External standard subsystem for each reaction to make it comparable from different GEMs

[hongzhonglu]

Here, I have an issue in model comparison. It is that the subsystem of one rxn from different models are different. I think for standard-GEM, the subsystem should be compared. Currently, the GEMs from modelSeed have a series of standard subsystem, which make it easy for the model life.

[haowang-bioinfo]

@hongzhonglu It does make sense to standardize subsystems and make them comparable across GEMs.

The majority subsystems of available GEMs were adapted from the names of KEGG pathways. How similar between the modelSeed subsystems and KEGG pathways?

[edkerk]

While some standardization of this could indeed be useful, I would argue that this is outside of the scope of standard-GEM. People will have arguments to use different ways of naming subSystems, and most likely none of these naming systems will be satisfactory to all. Instead, one can annotate reactions to e.g. KEGG pathways (should be added to COBRAToolbox similar as opencobra/cobratoolbox#1591), are modelSeed subsystems also in identifiers.org?

We are also not instructing what reaction identifiers to use. Allowing flexibility in standard-GEM (unless there are clear standards, like identifiers.org annotations) is part of its appeal.

[mihai-sysbio]

I agree with @edkerk - the focus of standard-GEM at the moment essentially stops at the file tree of a repository. There have been many approaches targeting standardization of specific file formats, and the content of the respective files. Maybe this is a place where standard-GEM could contribute at some point in the far future.

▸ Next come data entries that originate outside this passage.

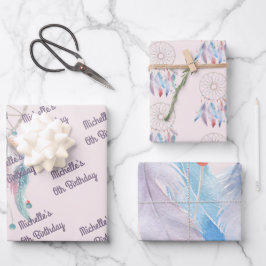 ドリームビッグボホドリームキャッチャー誕生日 ラッピングペーパーシート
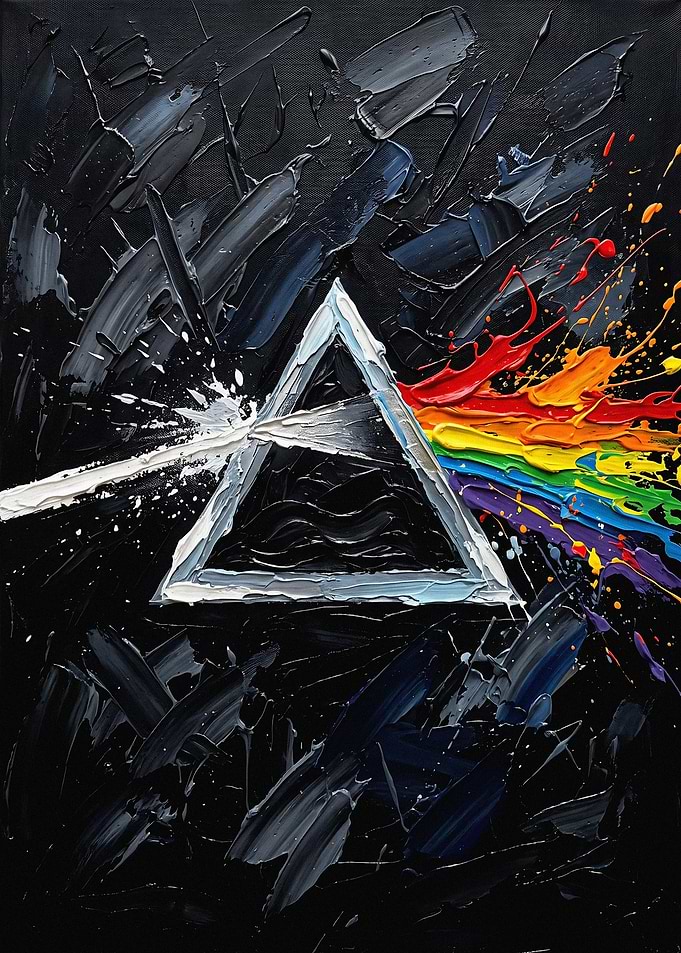 Pink Floyd Prism Oil Painting
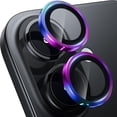 thumbnail image 1 of Ancove for iPhone 16 Camera Lens Protector, Military Grade Shatterproof Ultra HD Tempered Glass Camera Lens Protector Metal Individual Ring for iPhone 16,Multicolour, 1 of 4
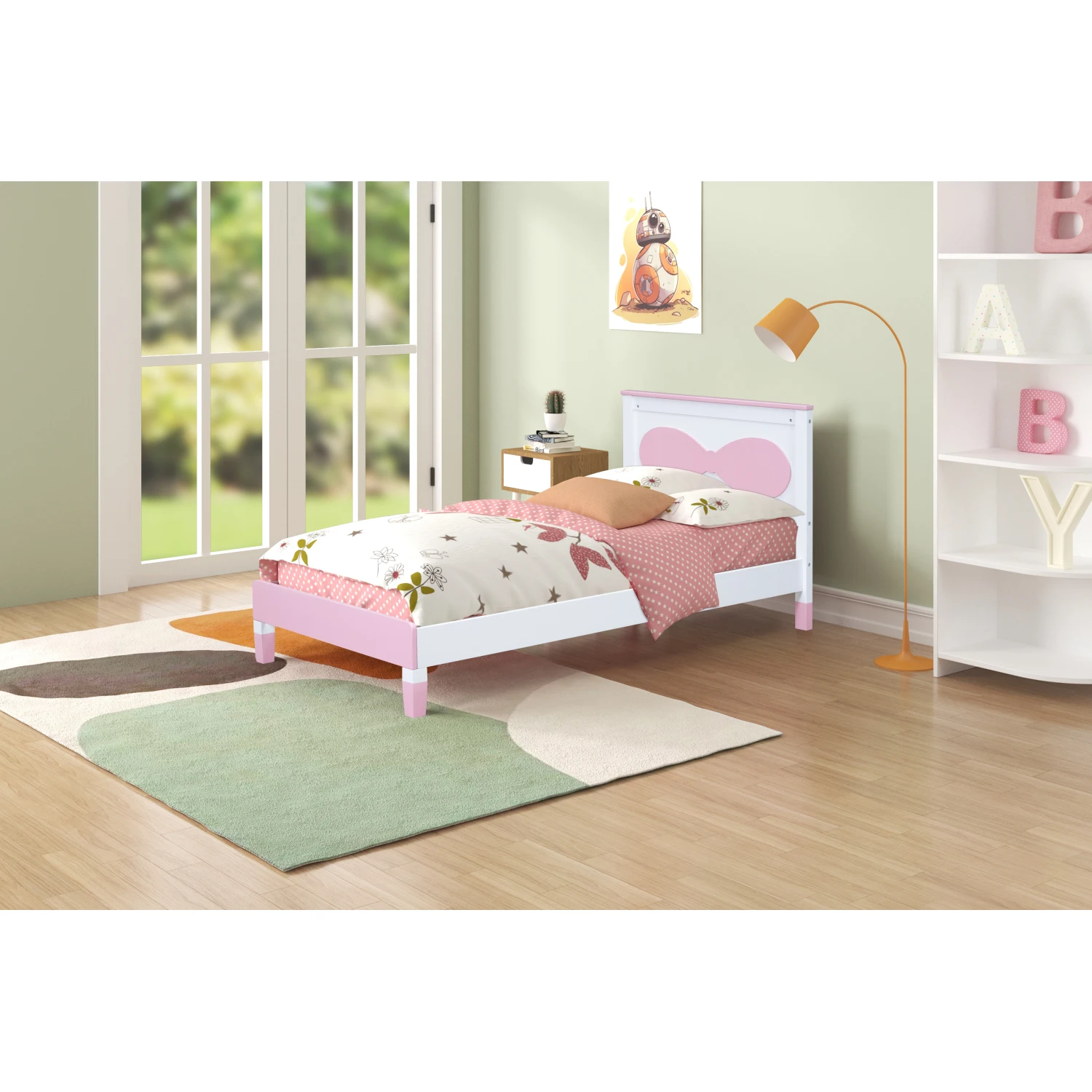 Twin size Wooden Bow Bed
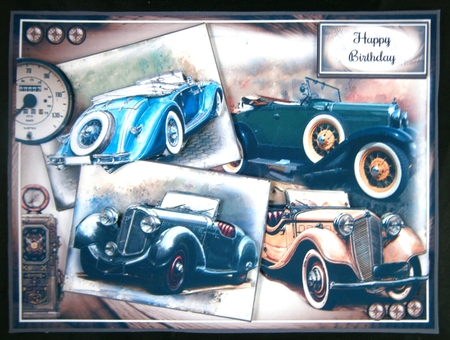 Retro Cars Card Front With Decoupage 02 by Linda Short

Subsystem comparison sounds like a nice tool for a website. @hongzhonglu I hope you don't mind that we borrow this idea for the roadmap of Metabolic Atlas. Such feature requests are very appreciated over at the Met Atlas repository.

[haowang-bioinfo]

the focus of standard-GEM at the moment essentially stops at the file tree of a repository.

This is something missing before, and should be moved to somewhere more obvious (README or issue template) for contributors.

[mihai-sysbio]

The issue template is "locked" because whatever issue template is defined on the main branch is used both for the creation of new issues, and also passed on to people who Use this template to set up their own repository. Similarly, README.md is set up for templating purposes.

Even though this specific issue is something we cannot focus on at the moment, I still think it's valuable to have an open discussion. Therefore I would propose to not "exclude" such issues, or close them, but to keep them in the Backlog.

@Hao-Chalmers how about creating a new issue that described the current focus of standard-GEM, and pin it at the top of the Issues page?

[haowang-bioinfo]

how about creating a new issue that described the current focus of standard-GEM, and pin it at the top of the Issues page?

Great idea

[haowang-bioinfo]

@hongzhonglu I wonder if you have any ideas or plan for standardizing subsystems, are you suggesting to adopt the way modelSeed?

[hongzhonglu]

Hi Hao, not sure whether modelSeed is used. It is better to also use KEGG, metacyc?

[draeger]

To answer @hongzhonglu's original question, let me take one step back and describe how the subsystem information has been stored in SBML before proposing a more structured way of dealing with them.

Originally, subsystem information was written into the reaction's notes, resulting in the redundant mentioning of the same subsystem in every reaction belonging to that subsystem. The new release of the BiGG Models database in 2015 introduced a new approach to redefining the use of subsystems in SBML. BiGG then used the groups extension from SBML to declare a group of reactions for every subsystem. Those groups contain members, each of which points to a reaction within that subsystem. With this approach, each subsystem was only specified once, and at the same time, one reaction could now belong to multiple subsystems.

As an additional advantage, we can annotate every group that represents such a subsystem. This means that we can add references in the form of controlled vocabulary terms to the subsystems and refer to KEGG and diverse other pathway databases. With this, it is possible to identify canonical pathways or subsystems across multiple models.

Furthermore, the idea of separating annotations from models (see https://doi.org/10.1093/bib/bby087) allows us to even store subsystem annotations in an external glossary file. Maybe those techniques can be helpful to solve such problems and to make models more comparable. Let's suggest using SBML groups and annotate them, possibly in separate glossary files.

[haowang-bioinfo]

@draeger sounds a great idea by separating annotations of models in separate glossary files.